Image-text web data
=======

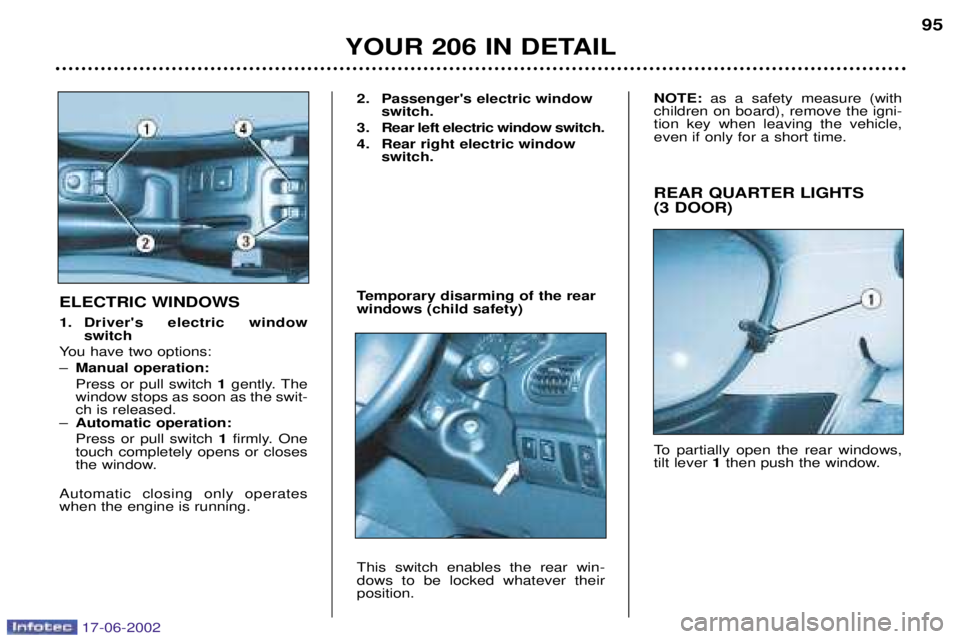 PEUGEOT 206 2002  Owners Manual YOUR 206 IN DETAIL95
REAR QUARTER LIGHTS  (3 DOOR) 
To partially open the rear windows, tilt lever  1then push the window.
ELECTRIC WINDOWS 
1. Drivers electric window 
switch
You have two options: 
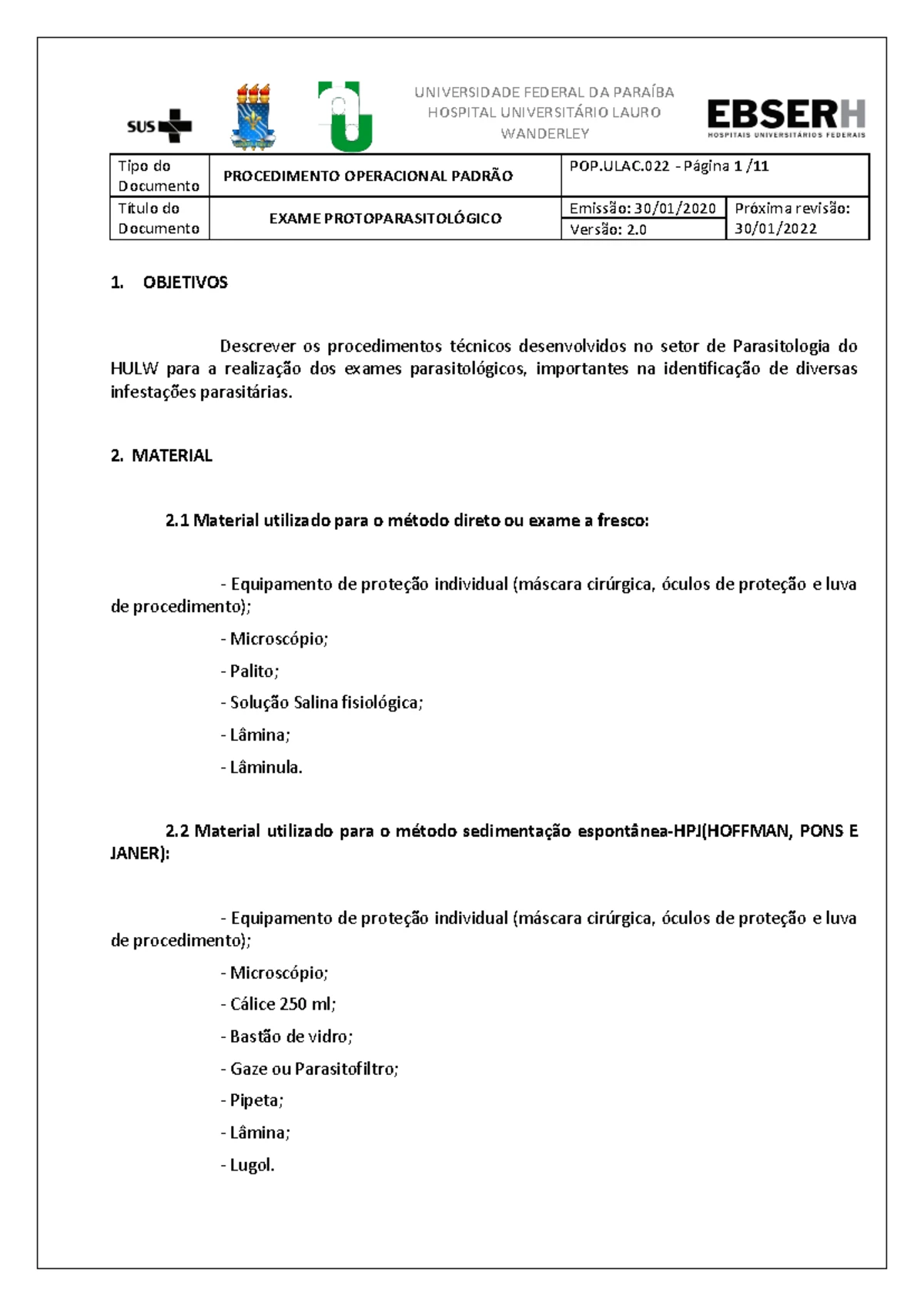 Método de Rugai para Identificação de Parasitas em Amostras Biológicas ...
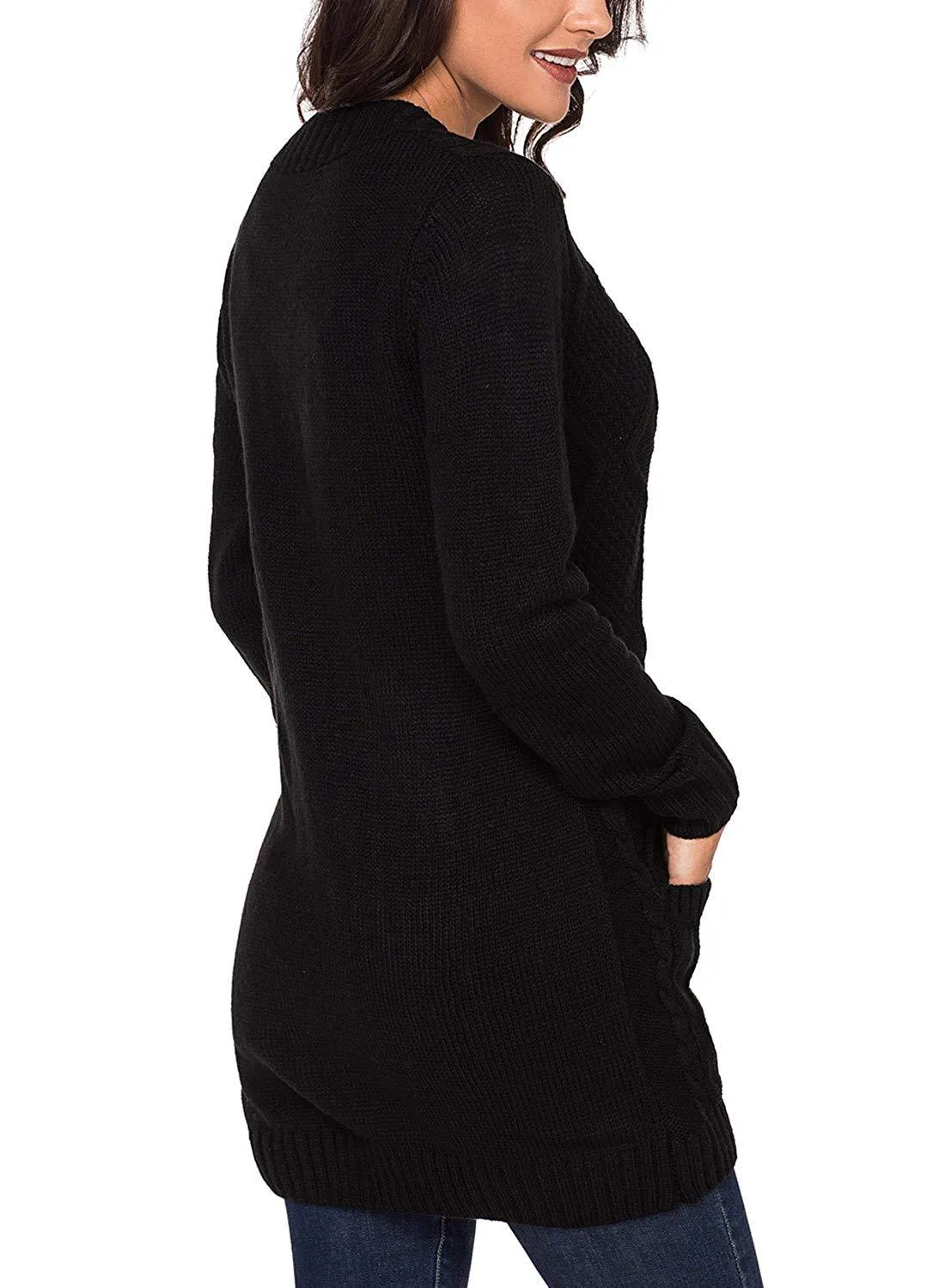 Autumn Style Deep V-neck Buttons Pockets Long Women Cardigan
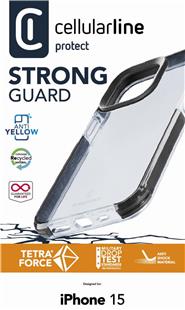 Cellularline Strong Guard Case für Apple iPhone 15 Clear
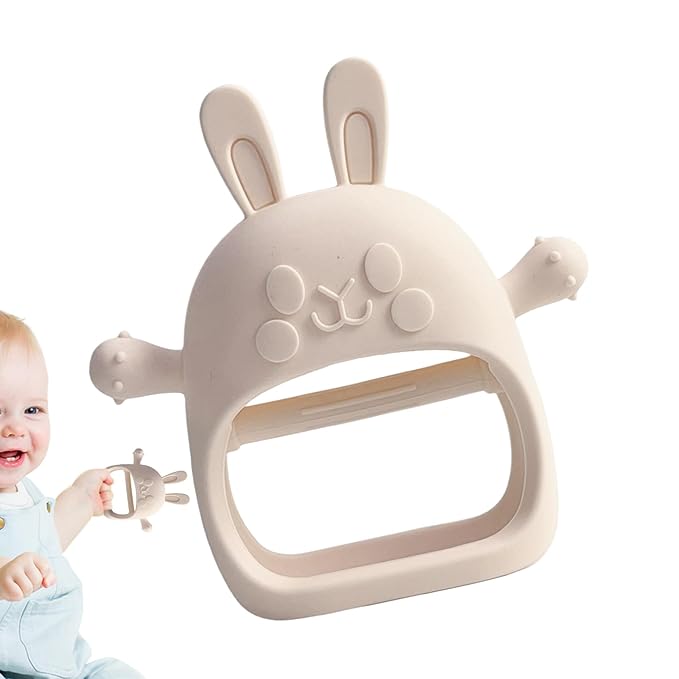 Children Teething Toy, Soft Flexible Texture, 12x12x4.5cm, Gum Massager, Care Accessories, Adorable Bunny Design, Ideal for 6-12 Months Boy Girl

=======

[Instructions for the task]:
Your answer must be every record above, word for word, with no pictures.

[Exercise response]:
 PEUGEOT 206 2002  Owners Manual YOUR 206 IN DETAIL95
REAR QUARTER LIGHTS  (3 DOOR) 
To partially open the rear windows, tilt lever  1then push the window.
ELECTRIC WINDOWS 
1. Drivers electric window 
switch
You have two options: 
 Método de Rugai para Identificação de Parasitas em Amostras Biológicas ...
 Autumn Style Deep V-neck Buttons Pockets Long Women Cardigan
 Cellularline Strong Guard Case für Apple iPhone 15 Clear
 Children Teething Toy, Soft Flexible Texture, 12x12x4.5cm, Gum Massager, Care Accessories, Adorable Bunny Design, Ideal for 6-12 Months Boy Girl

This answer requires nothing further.